Original data analyses of six independent experiments (corresponding data from the first experiment are shown in Fig 5D–G) of Ccp1 ^flox/flox Ccp6 ^flox/flox neurons transduced with either GFP‐ (control) or GFP‐2A‐cre (inducing conversion to Ccp1 ^−/− Ccp6 ^−/−) lentivirus.

1. A, B

   (A) Run length and (B) speed measurements are represented as scatter dot plots with each point representing a single particle movement without change in direction or speed (run). Each group represents the pool of measurement of multiple neurons made in one experiment. The black line indicates the median of the distribution with whiskers at interquartile range. The numerical value of the median is shown below each plot.

2. C

   Overall motility of mitochondria represented as fraction of time mitochondria spent in movement relative to the total number of mitochondria present during the recording time of 60 s. Values for single experiment are shown below plots.

3. D

   Mitochondria densities found in single experiments (values are shown below plots). See Appendix Table S3 for detailed data on all experimental sets analyzed.

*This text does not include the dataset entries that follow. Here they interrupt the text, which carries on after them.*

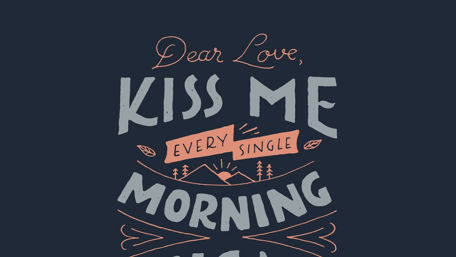 Dear Love, Kiss me every single morning wallpaper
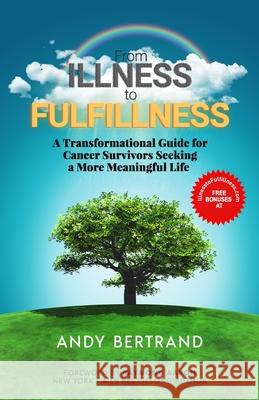 From Illness to Fulfillness: A Transformational Guide for Cancer Survivors Seeking a More Meaningful Life Raymond Aaron Andy Bertrand 9781772774214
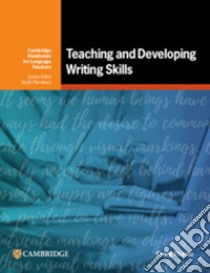 Teaching and developing writing skills libro di Thaine Craig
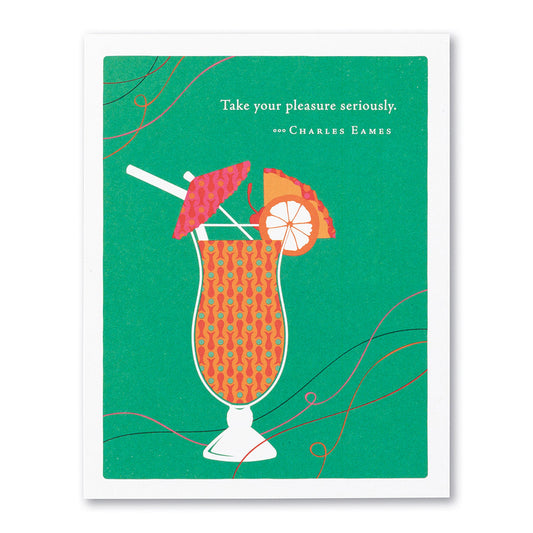 Take Your Pleasure Seriously - Postively Green Birthday Card 0124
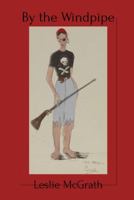By the Windpipe 1941617042 Book Cover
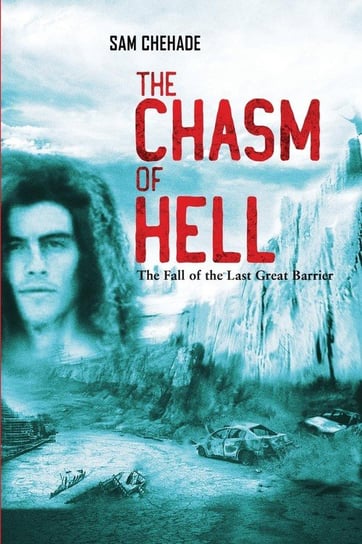 The Chasm of Hell Chehade Sam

Figure EV5. Analyses of mitochondria transport in wild‐type neurons transduced with GFP‐ or GFP‐2A‐cre lentivirus (complement to Figs 5 and EV4)

Original data analyses of five independent experiments of wild‐type neurons transduced with either GFP‐ or GFP‐2A‐cre lentivirus.

1. A, B

   (A) Run length and (B) speed measurements are represented as scatter dot plots with each point representing a single particle movement without change in direction or speed (run). Each group represents the pool of measurement of multiple neurons made in one experiment. The black line indicates the median of the distribution with whiskers at interquartile range. The numerical value of the median is shown below each plot.

2. C

   Overall motility of mitochondria represented as fraction of time mitochondria spent in movement relative to the total number of mitochondria present during the recording time of 60 s. Values for single experiment are shown below plots.

3. D

   Mitochondria densities found in single experiments (values are shown below plots).

4. E–H

   Statistical analyses of mitochondria transport parameters of five independent experiments shown in (A–D). Each bar represents the mean (± SEM) of medians of single experiments for run length (E) and speed (F) distributions, and average (± SEM) mitochondria motility (G) and density (H). Green bars are for anterograde, and red for retrograde transport events. Significance was tested using unpaired t‐test. Average run length (E), run speed (F), overall motility (G), and mitochondria density (H) show no significant differences between GFP‐ and GFP‐2A‐cre‐transduced conditions. See Appendix Table S3 for detailed data on all experimental sets analyzed.